A lista de crimes imputados pela vasta equipa liderada pelo procurador José Ranito inclui associação criminosa, vários tipos de corrupção, burla qualificada, falsificação de documentos, branqueamento de capitais, infidelidade, entre outros. Isso mesmo é referido pela nota da procuradoria. “Foi deduzida acusação pelo crime de associação criminosa (relativamente a 12 pessoas singulares e cinco pessoas colectivas) e pelos crimes de corrupção activa e passiva no sector privado, de falsificação de documentos, de infidelidade, de manipulação de mercado, de branqueamento e de burla qualificada contra direitos patrimoniais de pessoas singulares e colectivas”, lê-se no comunicado.

O DCIAP acredita que Salgado terá construído dentro do BES uma entidade paralela, que funcionava à margem dos órgãos de gestão e de controlo e dos supervisores, com o objectivo de “segurar” o GES, financiando a dívida das empresas da família. 

A defesa de Ricardo Salgado reagiu logo que foi anunciada a acusação, confirmando ter sido notificada do documento e queixando-se do comportamento do Ministério Público neste processo. Numa nota assinada pelos dois advogados do antigo banqueiro, estes garantem que o cliente “não praticou qualquer crime e esta acusação ‘falsifica’ a história do Banco Espírito Santo”. Admitem que Salgado cometeu “erros” e voltam a fazer um ataque violento contra o governador do Banco de Portugal, Carlos Costa, que em Agosto de 2014 determinou a resolução do BES. “Foi este mesmo Banco de Portugal liderado pelo dr. Carlos Costa que, depois de apagar das fachadas uma marca com mais de 140 anos de existência, interveio neste inquérito-crime, em claro e manifesto conflito de interesses”, destaca a defesa de Salgado.

O Ministério Público juntou mais de duas centenas e meia de inquéritos numa investigação principal, que chega agora ao fim. Mas este não será o ponto final nesta história, já que é certo que alguns casos laterais vão levar à extracção de cópias de elementos de prova já recolhidos e dar origem a novos inquéritos que deverão continuar a ser investigados pelo procurador José Ranito e pela colega Olga Barata. Estes são dois dos sete procuradores que assinam a acusação e que nesta investigação contaram com o apoio de mais de duas dezenas e meia de profissionais de múltiplas instituições. A Polícia Judiciária chegou a ter uma dezena de elementos em exclusivo neste caso, mas a PSP, o Banco de Portugal, a Autoridade Tributária, a Comissão do Mercado de Valores Mobiliários, o Núcleo de Assessoria Técnica da Procuradoria-Geral da República e a Inspecção-Geral de Finanças também disponibilizaram especialistas. Nunca antes um inquérito criminal teve uma equipa multidisciplinar com esta dimensão e diversidade.

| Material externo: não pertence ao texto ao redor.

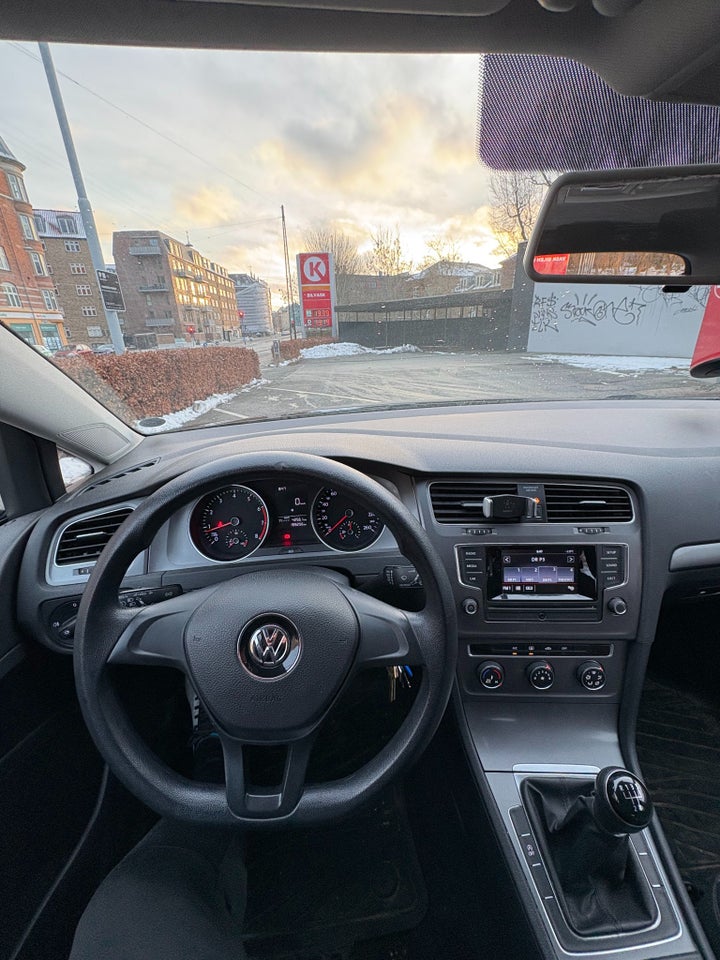 VW Golf VII 1,2 TSi 85 Startline BMT 5d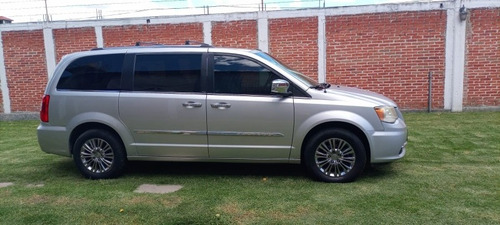 Imagen 7 de 15 de Chrysler Town & Country 2011 3.6 Touring Mt
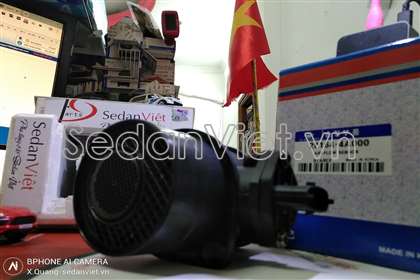 Cảm biến lưu lượng khí nạp 0281002554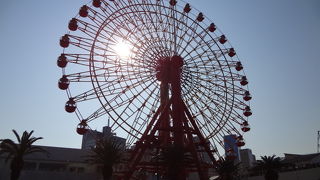 青空をバックにした観覧車が印象的でした。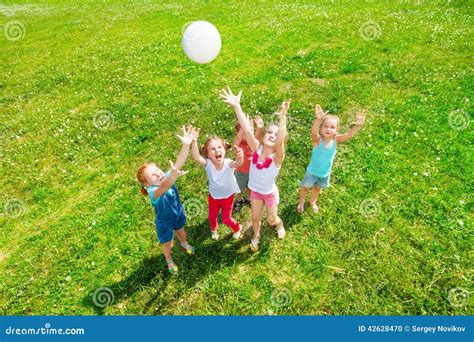 bambini che giocano in un prato a primavera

A complexidade do caso e o facto de o universo Espírito Santo estar disperso por várias jurisdições levou em Maio de 2015 as autoridades portuguesas e suíças a lançar uma equipa de investigação conjunta, acordada em sede de Eurojust. Foi nesse âmbito que foi trocada informação e foram realizadas diligências a pedido do Ministério Público português, que incluíram buscas e audições de pessoas.

O problema é que a informação que o DCIAP sabia que existia, mas à qual não podia aceder, demorou mais de três anos a chegar a Portugal e parte dela, considerada relevante, ainda não chegou. O Ministério Público decidiu avançar mesmo assim para a acusação, mantendo alguma expectativa, no entanto, de que essa prova ainda possa chegar a Portugal a tempo de ser usada durante o julgamento.

Mas a Suíça foi só um dos vários países a que foi necessário recorrer para desfiar este enorme novelo. Em Março do ano passado, num balanço sobre a investigação, a Procuradoria-Geral da República dava conta de que no âmbito deste caso foi necessário recorrer à cooperação judiciária com outras dez autoridades: Brasil, Espanha, Estados Unidos, Macau, Panamá, Dubai, Países Baixos, Bélgica, Alemanha e Luxemburgo. O objectivo foi obter dados bancários, realizar audições e arrestar bens.